Running the Vikings defense

Frazier took his Super Bowl ring and joined Brad Childress’ staff in Minnesota the next season. He served as Childress’ defensive coordinator for three-and-half seasons

Frazier’s defenses were great against the run as they never finished out of the league’s top-10. The pass defense had mixed results. It was the worst in 2007 but did well enough in 2009 to help get Brett Favre and the Vikings to the NFC Championship Game.

That 2009 defense was top 10 in the league in points allowed and total yards. The Vikings won two NFC North titles and went 33-25 with Frazier controlling the defense. Eight defensive players made the Pro Bowl and two were named first-team All-Pro.

Head coaching run

In 2010, Minnesota got off to a 3-7 start and Childress was fired as a result. Frazier was tapped as the interim head coach to lead the Vikings through the final six games.

He went 3-3 and got to serve as Favre’s last head coach. The work he did was enough to warrant removing the interim tag.

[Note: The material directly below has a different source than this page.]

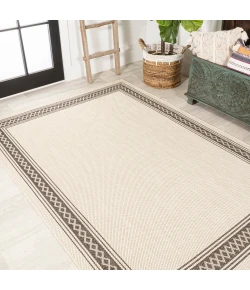 Jonathany Santa Monica SMB207B Cream/Black Area Rug 5 ft. 3 in. X 7 ft. 7 in. Rectangle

Also, this is the part where most Bears fans start to sour on Frazier as his three years as Vikings head coach was not outstanding.

In terms of coaching staffs, he built this staff in his first year as head coach and it remained mostly the same during his tenure. That staff featured Chicago Bears legend Mike Singletary and current Cleveland Browns head coach Kevin Stefanski

Frazier also tapped Dennis Polian to be his assistant who happens to be Bill Polian’s son. Winning consistently, failure in developing a quarterback, and poor defensive play plagued Frazier’s tenure.

In his first full season, the Vikings finished 3-13. The Vikings tried to see if quarterback Donovan McNabb had any of his dynamic play left in him and he did not. Frazier then turned to rookie Christian Ponder for the rest of the season. Ponder threw for 1853 yards, 13 touchdowns along with 13 interceptions. He was woefully completing just 54% of his passes.

A big reason Minnesota only won only three games was the defense ranked 31st in points allowed. It also did not help that star running back Adrian Peterson was lost for the season after Week 12 with a knee injury.

The Vikings made the playoffs in 2012 thanks in a large part to Peterson’s MVP season. The Vikings got 2097 rushing yards from Peterson but the passing offense was one of the worst in the league. Ponder started all 16 games as he threw for 2935 yards, 18 touchdowns, and was picked off 12 times.

Ironically, the Vikings beat the Green Bay Packers on the last day of the season to sneak into the playoffs and knocked out the Chicago Bears from playoff contention. The Vikings had to turn around and face the Packers again in the playoffs at Lambeau Field but Ponder was unable to play in the game. With Joe Webb at quarterback, the Vikings could not muster much offense and lost 24-10.

Frazier’s final season as head coach is when the wheels came off for Minnesota. The Vikings went 5-10-1, allowed the most points in the league, and featured one of the worst defenses in the league. Ponder failed to develop into the franchise quarterback and Matt Cassel could not duplicate his success in New England. Frazier was fired after the season ended.

Ponder’s final stats under Frazier were 6,436 passing yards, 38 touchdown passes, and 34 interceptions. Frazier started seven different quarterbacks in his three-plus seasons as head coach.

While he switched defensive coordinators after the 2011 season, he stuck with Bill Musgrave as his offensive coordinator through his entire time as head coach. Plus, the roster started to age, especially on defense, and Frazier was never able to elevate the team to better play with the exception of the 2012 season.